George denied that the graded tax was at all equivalent to the single tax or that its supporters were committed to any revolutionary proposal. He said it was endorsed by the Allied Boards of Trade, the Real Estate Board and other civic and commercial organizations of high standing in the community. George read telegrams from Thomas J. Keenan, Julian Kennedy and Samuel W. Black to show that the original act had the support of many influential citizens.
"They must be single taxers," remarked Councilman Garland. "Now, Mr. Chairman," said George, "that is an appeal to prejudice. They are trying to frighten you away from the actual question involved."
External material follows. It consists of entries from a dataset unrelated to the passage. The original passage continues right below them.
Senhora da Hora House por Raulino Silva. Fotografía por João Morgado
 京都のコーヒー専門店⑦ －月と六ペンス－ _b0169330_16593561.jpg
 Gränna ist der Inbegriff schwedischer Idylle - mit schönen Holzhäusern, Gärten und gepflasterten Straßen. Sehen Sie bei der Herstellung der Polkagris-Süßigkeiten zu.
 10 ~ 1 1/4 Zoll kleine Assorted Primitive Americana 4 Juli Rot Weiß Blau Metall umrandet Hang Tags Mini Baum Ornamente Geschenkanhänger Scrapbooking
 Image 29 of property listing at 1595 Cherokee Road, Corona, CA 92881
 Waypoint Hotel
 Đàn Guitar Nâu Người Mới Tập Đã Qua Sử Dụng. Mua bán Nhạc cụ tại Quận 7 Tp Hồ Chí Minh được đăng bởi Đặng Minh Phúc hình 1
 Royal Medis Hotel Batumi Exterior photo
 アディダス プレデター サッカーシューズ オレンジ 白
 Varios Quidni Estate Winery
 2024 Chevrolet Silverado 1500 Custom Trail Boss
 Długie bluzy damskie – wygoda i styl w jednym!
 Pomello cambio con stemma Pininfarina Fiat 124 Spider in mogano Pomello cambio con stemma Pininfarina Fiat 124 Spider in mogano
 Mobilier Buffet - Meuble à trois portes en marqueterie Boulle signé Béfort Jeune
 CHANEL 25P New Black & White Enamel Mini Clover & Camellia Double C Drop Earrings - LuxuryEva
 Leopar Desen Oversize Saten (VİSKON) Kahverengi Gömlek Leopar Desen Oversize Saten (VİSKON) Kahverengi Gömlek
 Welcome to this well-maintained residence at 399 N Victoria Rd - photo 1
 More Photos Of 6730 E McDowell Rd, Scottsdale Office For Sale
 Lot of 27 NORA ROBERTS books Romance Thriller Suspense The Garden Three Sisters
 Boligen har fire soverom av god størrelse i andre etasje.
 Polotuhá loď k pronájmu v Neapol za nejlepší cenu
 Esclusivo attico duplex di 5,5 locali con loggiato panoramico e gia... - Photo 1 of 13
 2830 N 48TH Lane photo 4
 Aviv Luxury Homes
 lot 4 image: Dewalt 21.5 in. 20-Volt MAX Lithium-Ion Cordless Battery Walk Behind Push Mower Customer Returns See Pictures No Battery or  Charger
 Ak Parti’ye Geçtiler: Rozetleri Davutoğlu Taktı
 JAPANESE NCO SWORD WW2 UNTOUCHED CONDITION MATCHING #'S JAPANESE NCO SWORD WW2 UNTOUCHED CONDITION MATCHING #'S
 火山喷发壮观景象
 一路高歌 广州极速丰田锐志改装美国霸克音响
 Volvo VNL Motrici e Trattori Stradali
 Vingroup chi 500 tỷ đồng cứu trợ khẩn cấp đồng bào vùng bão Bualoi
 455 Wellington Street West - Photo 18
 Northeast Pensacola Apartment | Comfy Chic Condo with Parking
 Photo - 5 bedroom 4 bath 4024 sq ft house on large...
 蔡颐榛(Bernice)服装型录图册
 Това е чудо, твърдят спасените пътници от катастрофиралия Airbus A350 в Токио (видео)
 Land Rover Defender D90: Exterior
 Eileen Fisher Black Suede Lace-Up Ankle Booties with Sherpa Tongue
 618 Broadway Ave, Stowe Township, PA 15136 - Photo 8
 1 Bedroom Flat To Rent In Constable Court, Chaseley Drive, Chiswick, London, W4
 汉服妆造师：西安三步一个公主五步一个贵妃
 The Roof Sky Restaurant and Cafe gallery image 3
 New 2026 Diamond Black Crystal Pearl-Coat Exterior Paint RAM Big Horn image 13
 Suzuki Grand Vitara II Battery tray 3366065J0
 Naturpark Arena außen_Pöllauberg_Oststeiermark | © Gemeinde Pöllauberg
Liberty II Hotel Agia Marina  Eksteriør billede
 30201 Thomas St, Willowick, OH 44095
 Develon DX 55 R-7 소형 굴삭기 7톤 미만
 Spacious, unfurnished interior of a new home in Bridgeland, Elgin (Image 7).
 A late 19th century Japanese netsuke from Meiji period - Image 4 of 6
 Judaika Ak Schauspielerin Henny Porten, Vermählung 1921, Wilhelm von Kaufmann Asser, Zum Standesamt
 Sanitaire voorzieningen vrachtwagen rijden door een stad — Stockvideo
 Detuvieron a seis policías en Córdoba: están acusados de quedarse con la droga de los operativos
The committee went into executive session after the hearing. Twelve of the sixteen members were present and they divided six to six, thus keeping the bill from being reported. With the legislative session close to its end, it appeared that the repeal bill would likely die in committee.[40]
Newspaper Editors Come to the Defense
THE Pittsburgh Press was jubilant and on May 18, 1915, in an editorial headed "Graded Tax Repealer Jolted," said:
With the adjournment of the Legislature only two days distant, there appears to be an excellent chance to defeat the graded tax repealer applying to Pittsburgh.... The law is working to the complete satisfaction of everybody except a few real estate speculators who hope to hold idle land until its value is greatly increased by improvements erected on surrounding territory. Everybody endeavoring to gain a big profit in this parasitical manner is naturally opposed to the law and to the principle which it represents; it is nevertheless endorsed by and is clearly in the interest of the vast majority of the public....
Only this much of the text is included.